For 15 years, Miami’s stoner-sludge (whichever modifier you prefer) metal act Torche have been a metal band for people who aren’t metalheads. It’s hard to put a finger on why this is, but since songs like “Vampyro” and “Charge of the Brown Recluse” on their debut, their control of the balance between heaviness and trippiness has been downright addicting; it didn’t hurt that Torche’s cover – an erupting volcano juxtaposed against a Sad Songs for Dirty Lovers-esque color swirl – was a surprisingly effective draw. Four-plus years past 2015’s Restarter, which furthered the band’s goal to make engaging, pop-tinged metal goodness, Torche are back with Admission – but whether they succeed in this is somewhat up for debate.

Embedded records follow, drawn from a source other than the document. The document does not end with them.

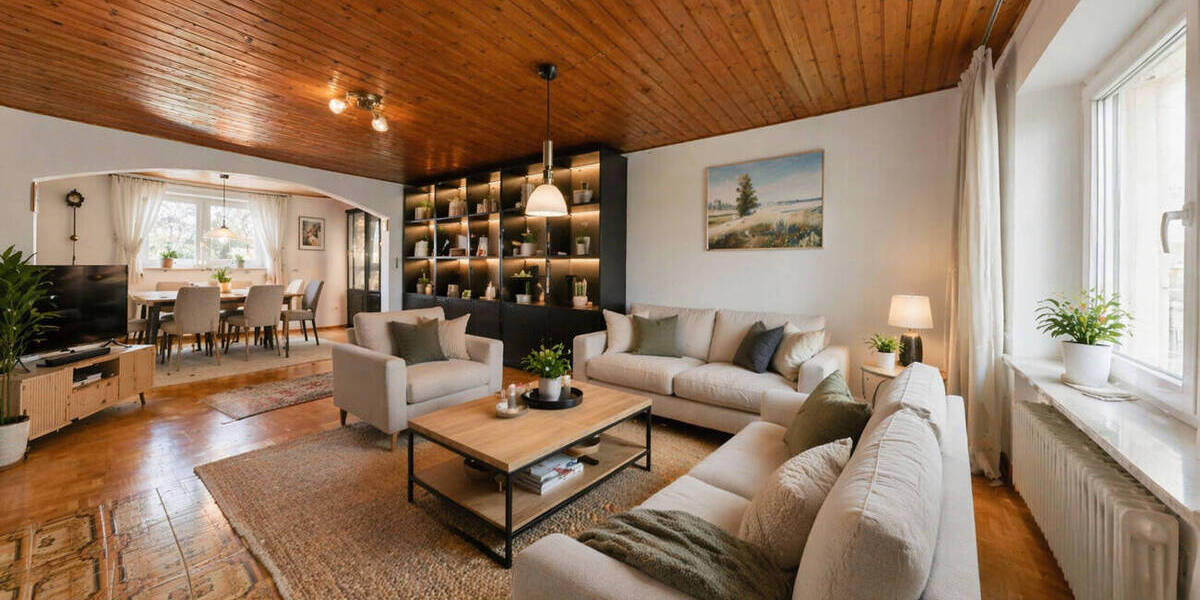 Etagenwohnung Freiburg Im Breisgau Hochdorf - 3 Zimmer, 103 m&sup2;, 397.000&euro; | Angebot:26202969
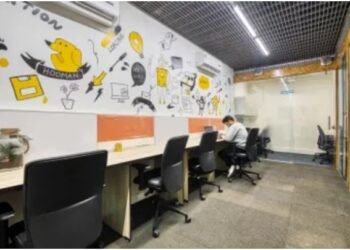 Virtual offices offer organizations a professional address and a variety of support services without the need for physical office space.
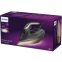 Gludeklis Philips Azur DST8041/80 Black, Gold - foto 4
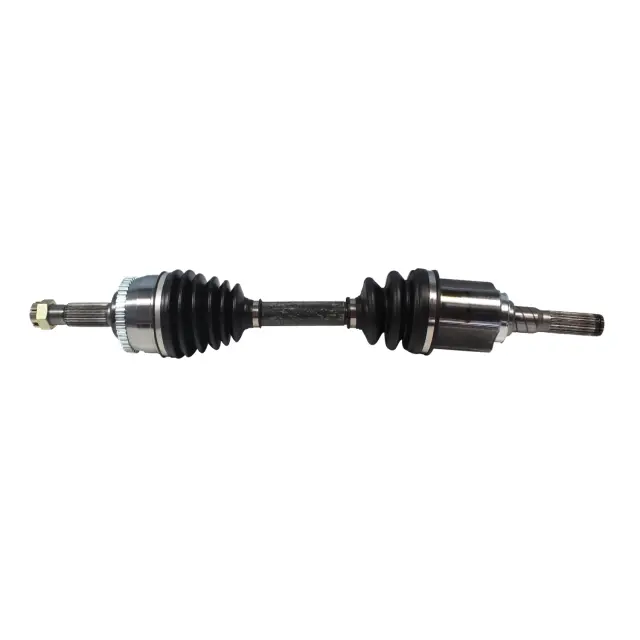 NCV39521 - : 99-02 INFINITI G20 CV Axle Assembly  - Front Left for GSP Image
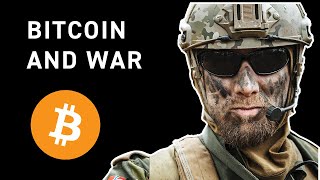 Bitcoin is a Weapon of Freedom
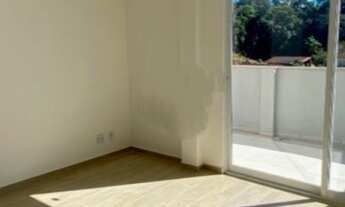 Imagem: Cobertura à venda, Bingen, Petrópolis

Okay, so it’s really not entirely up for debate – with Admission, the band prove that the break hasn’t deadened their sludge-production abilities. Opener “From Here” hits you with a doom-laden left-hook, frontperson-guitarist Steve Banks’ Sleep-like voice a perfect foil for their intensity. Banks’ voice is one of the best parts of Torche, able to stand against the shredding with refreshing clarity – all credit to long-time producer Kurt Ballou for pulling this trick off every time. The one-two punch of the wailing “On A Wire” and the murky “Infierno” is definitive Torche, repetitive in all the right ways and punishingly heavy, the latter coming packed with guitars that sound like they’re actually on fire and a bass line that doesn’t sound far off from a roaring flame. Nothing here matches the intensity of their older albums, but it’s not always about the size of the riffs.

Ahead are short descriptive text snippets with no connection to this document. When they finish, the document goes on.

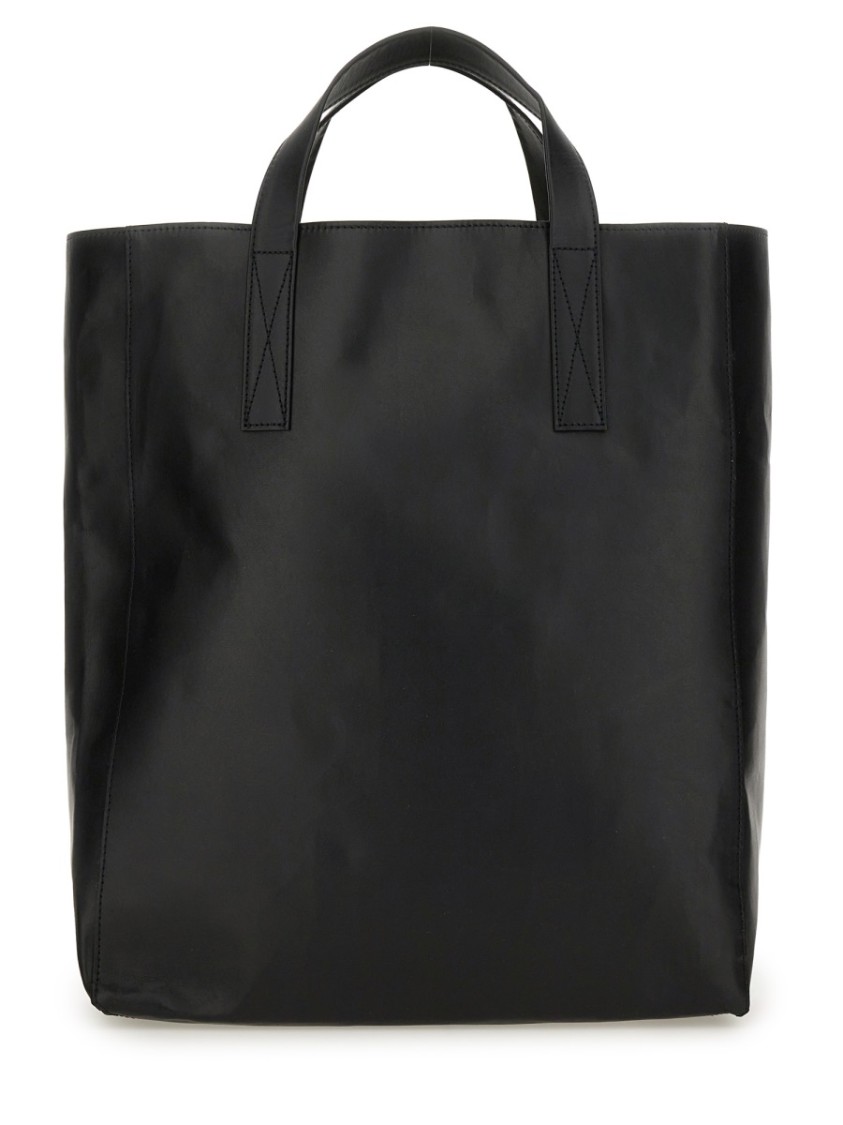 Vivienne Westwood Medium "sarah" Tote Bag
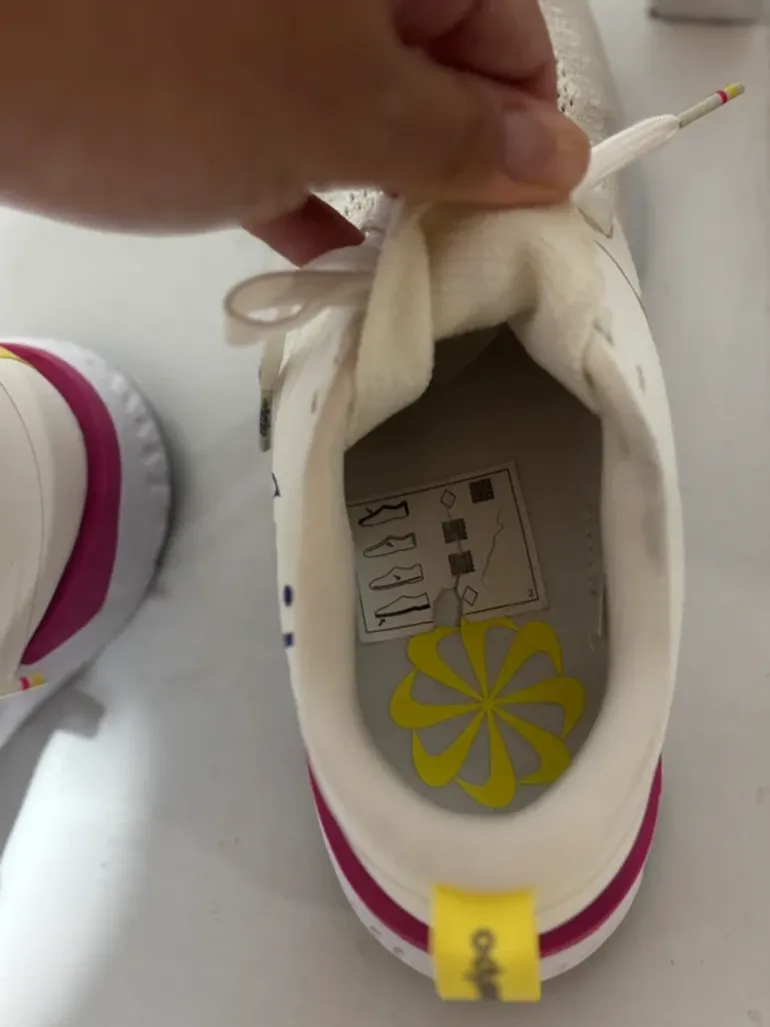 Nike Donna Shoes bike d'occasion — image 14 sur 15
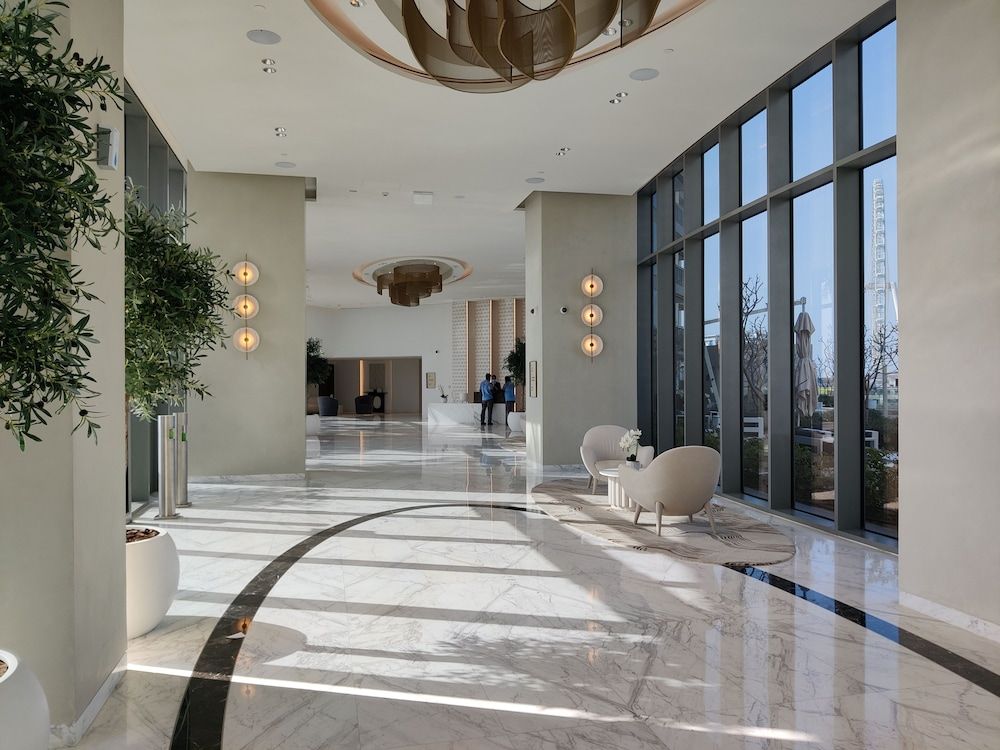 HiGuests -  Emaar 5242 Tower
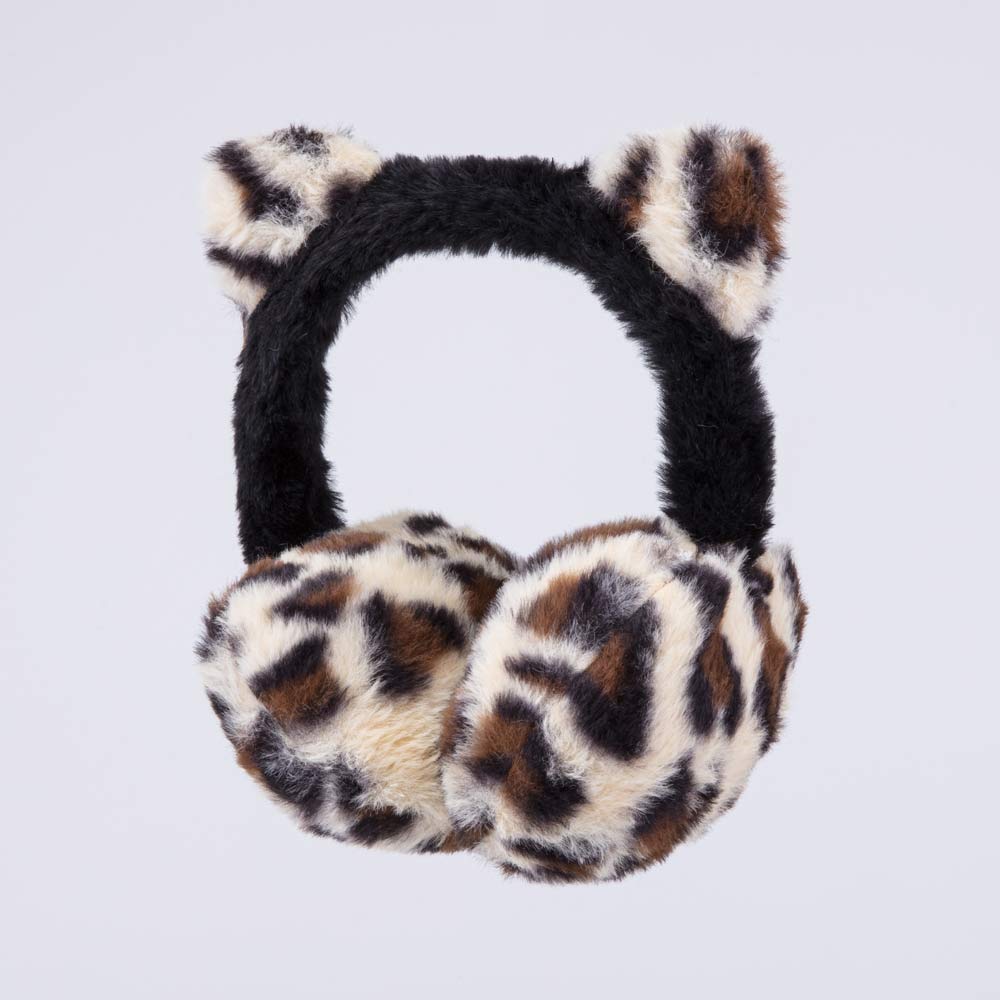 07818009-40 Наушники утепленные разноцветный, все фото 1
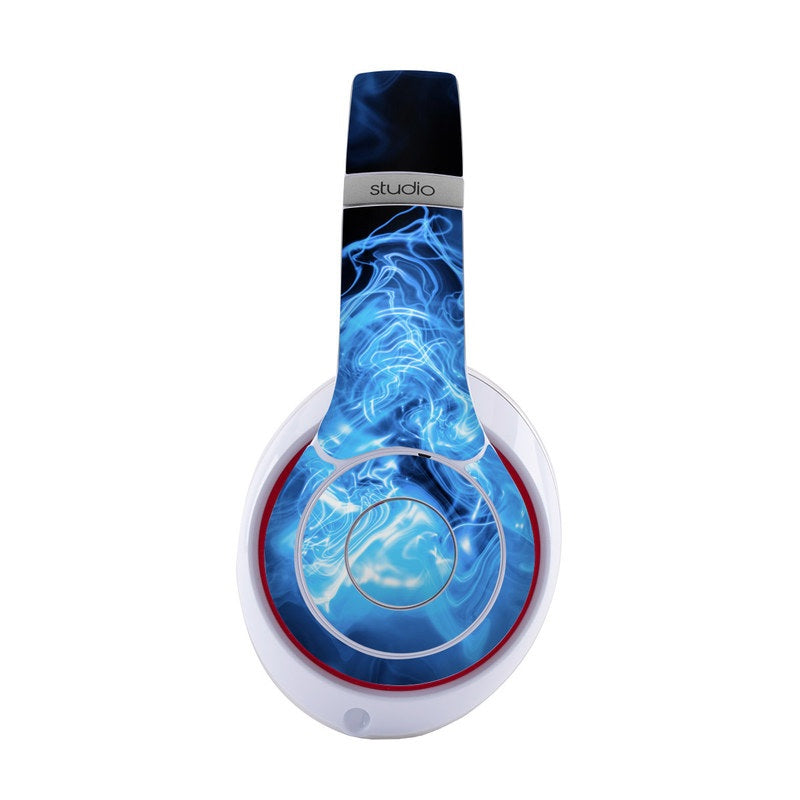 Blue Quantum Waves - Beats Studio 3 Wireless Skin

But when they try to alter the formula, it leads to mixed results. “Times Missing” is positively dreamy, Banks taking on a Slowdive-like glide. “Admission” takes this a step further by actively sounding like Ride and The Pains of Being Pure at Heart, a catchy song who’s chugging guitars can’t mask the fact that it sounds like a stoner metal take on classic Britpop. They mastered this trick on the debut’s “Fire” balanced the two as well as the heaviest Joy Formidable songs, but it worked better then; here it feels like the trick is almost too obvious. The aptly-named closer “Changes Come” doesn’t quite know where to stand, its soaring riffs sounding like Foo Fighters in their heyday but too drenched in reverb to the point of sounding not sludgy, but soupy. You can see what they were going for with these songs, but they lack the steam to pull it off effortlessly.

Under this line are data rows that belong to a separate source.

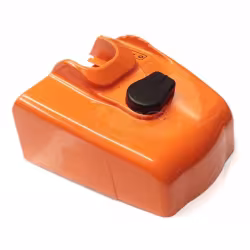 Крышка карбюратора STIHL (MS240/260) в сборе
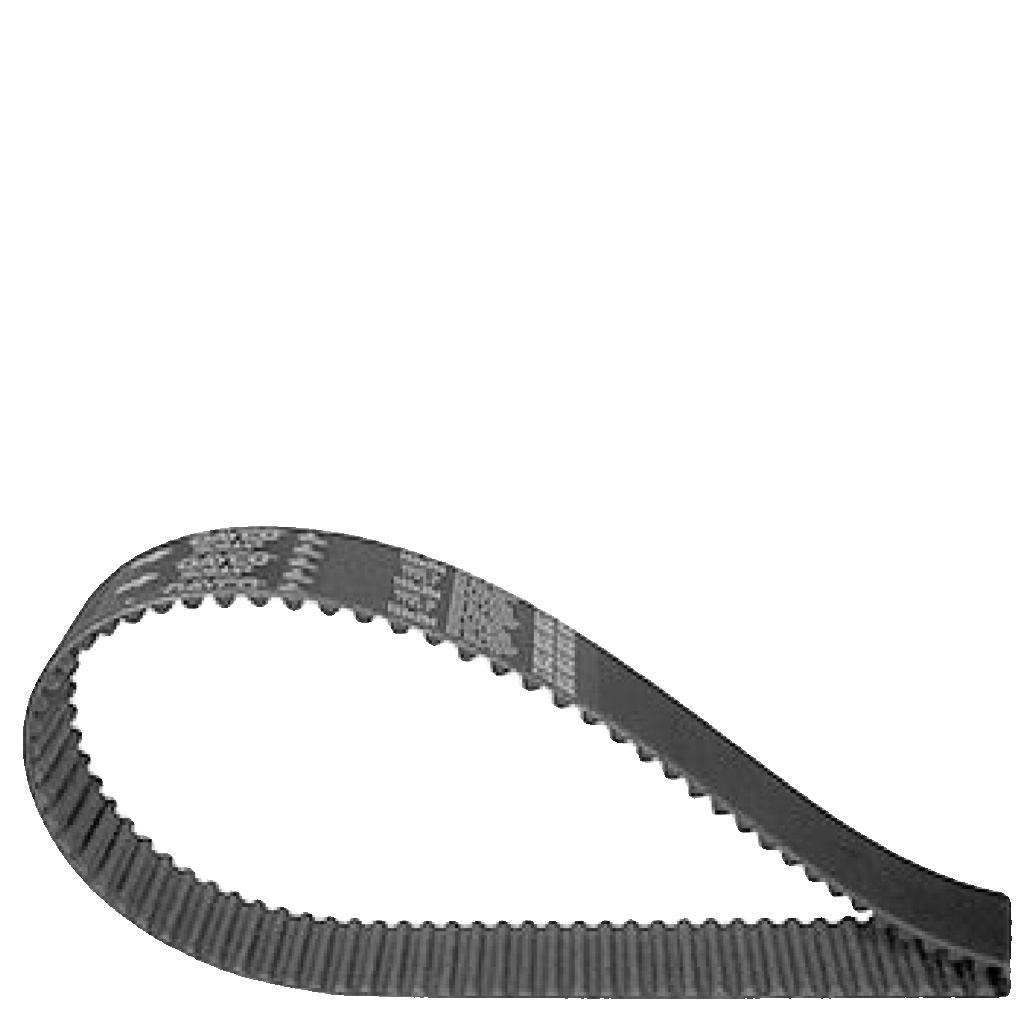 Timing belt 94740 DAYCO for CITROËN PEUGEOT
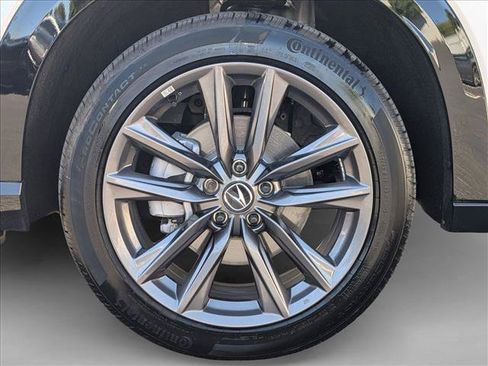 Certified 2025 Acura ADX A-Spec AWD/4WD image 23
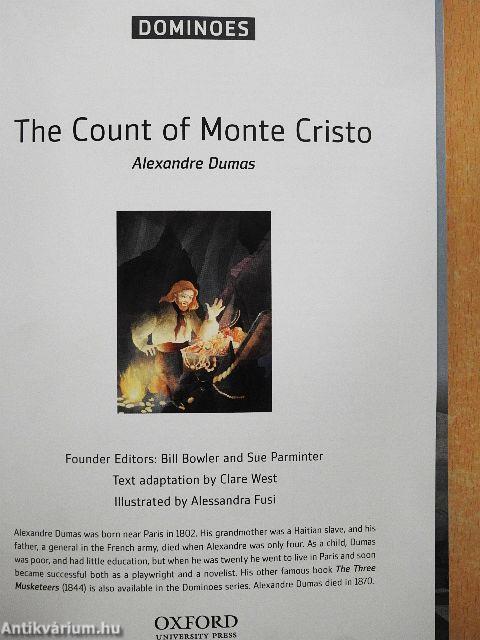 The Count of Monte Cristo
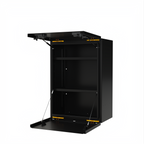 Avatar Mega Storage Box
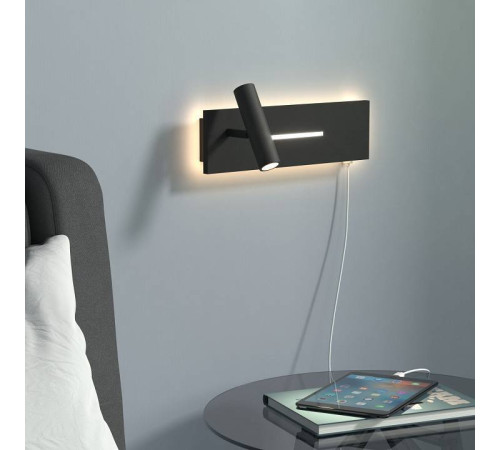 Бра Elektrostandard Tuo a058495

Metal is all about extremes, which makes it shocking that it’s such a conservative genre sonically speaking. Torche is a talented band that appear to be rendered unfocused by their lack of freedom to explore, and Admission sees them sheepishly trying on different hats just long enough for you to get a peek, but not long enough for them to establish any comfort. This may be projecting, though, as it’s hard to hear songs like the title track and not wonder what it would look like if they leaned into those non-metal aspects. Torche have yet to make a bad album, but with Admission, they’ve regrettably made one that doesn’t feel destined to keep hold of you for long.